Watch a real Senior AWS DevOps Engineer address this exact architectural decision:
“ALB and API Gateway solve similar problems at different scales. ALB operates at Layer 7, routes based on HTTP content, and costs hourly plus per-capacity. API Gateway charges per request and includes built-in authentication, throttling, and usage plans.
I choose ALB for internal microservices architectures where I control client behavior. The cost economics are better at scale, and integration with ECS and EKS is seamless. I choose API Gateway for external APIs where I need authentication, rate limiting, and API governance without building custom solutions.

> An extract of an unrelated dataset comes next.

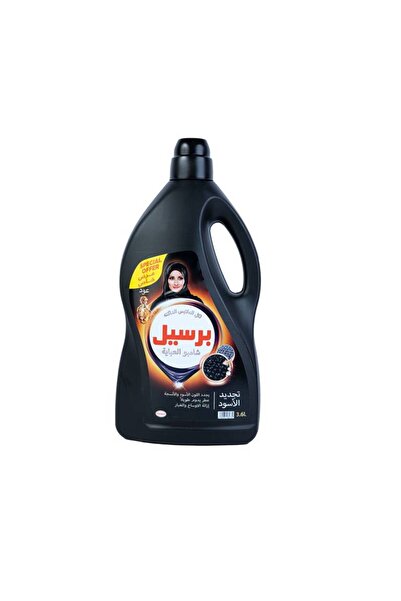 Generic Persil Abaya Black Oud 3.6L Special Offer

In my previous role, we used API Gateway for our customer-facing REST API, handling authentication with Cognito and throttling per API key. Behind API Gateway, we routed to ALBs managing internal service-to-service communication. This separation gave us security at the boundary and cost efficiency internally.”
Common Mistakes to Avoid
Defaulting to API Gateway because it’s more powerful. Power and simplicity serve different problems. ALB’s simplicity is an asset when you don’t need API Gateway’s features, and its cost advantage is real.
Overlooking API Gateway cost until traffic scales. Start with API Gateway if you need built-in features. Monitor costs monthly. When the inflection point hits (usually 10-15 million requests monthly), revisit the choice. Migration is possible but requires effort.
Assuming ALB can’t handle APIs. ALB is absolutely sufficient for APIs. You’re just shifting responsibility for authentication and throttling from the edge to your application.
Ignoring your team’s existing middleware patterns. If your team already has authentication and rate-limiting middleware, ALB works perfectly. If you’re starting from scratch, API Gateway’s built-in features save development time.
Key Takeaway
The ALB vs API Gateway decision comes down to cost versus built-in governance. ALB wins on pricing for high-throughput workloads and simplicity for internal communication. API Gateway wins on built-in authentication, throttling, and API governance for external APIs. Choose based on request volume, authentication requirements, and whether you control client behavior through deployment practices or API contracts.